Nous devons constater que les engagements pris par le ministre répondent assez largement aux préoccupations qui avaient guidé le Sénat dans l'adoption de la première proposition de loi. L'information des assemblées sur la situation en matière de transposition est substantiellement améliorée et la rédaction systématique d'une fiche d'impact simplifiée devrait contribuer à sensibiliser l'exécutif comme le Parlement aux problèmes éventuels de transposition.

En revanche, la garantie d'inscription à l'ordre du jour des textes à transposer n'est nullement apportée et la proposition de loi constitutionnelle adoptée à cet effet par le Sénat me paraît garder toute sa valeur. A cet égard, il convient de noter que, contrairement aux doutes exprimés par certains membres du groupe de travail, le rythme d'une séance par mois n'a rien d'excessif, compte tenu du fait que, dans le texte adopté par le Sénat, cette séance serait consacrée non seulement à la transposition des directives communautaires, mais encore aux textes autorisant la ratification des conventions internationales. Or, les délais pour la ratification des conventions internationales sont, eux aussi, préoccupants, avec un nombre important de textes en instance.

Ainsi, grâce au dialogue qui s'est instauré entre le Gouvernement et les assemblées, des progrès ont déjà été accomplis ; d'autres, plus significatifs, devraient l'être avec l'entrée en vigueur des mesures qui ont été annoncées par le ministre ; toutefois, il me semble qu'il demeure encore une amélioration à effectuer sur laquelle il nous faudra sans doute revenir en temps utile.

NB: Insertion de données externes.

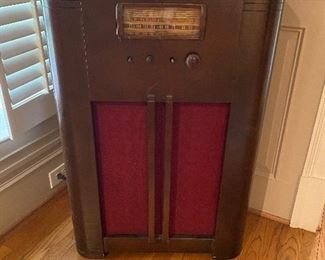 1935(ish) Truetone Console radio with working lights! Overall working condition is unknown. 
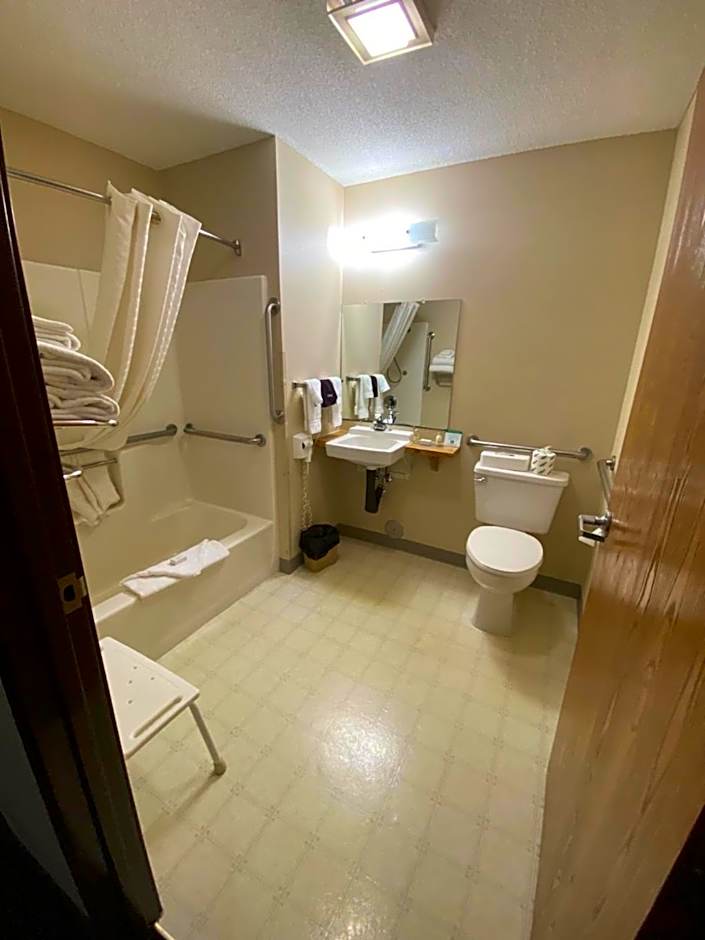 Boarders Inn & Suites by Cobblestone Hotels - Broken Bow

Compte rendu sommaire du débat

M. Jean-Paul Émin :

Sait-on quand les mesures annoncées par le ministre dans sa lettre vont effectivement entrer en application ?

M. Hubert Haenel :

La lettre de M. Pierre Moscovici précise qu'il s'agit d'une « mise en application rapide ». D'après les informations qui nous ont été communiquées par le SGCI, ces mesures devraient être mises en oeuvre dans les semaines qui viennent, c'est-à-dire avant les prochaines échéances électorales.

La délégation a alors autorisé, à l'unanimité, la publication de ce rapport publié sous le n° 250 (2001-2002).


(1) Cette réunion s'est tenue en commun avec la commission des Affaires étrangères, de la défense et des forces armées.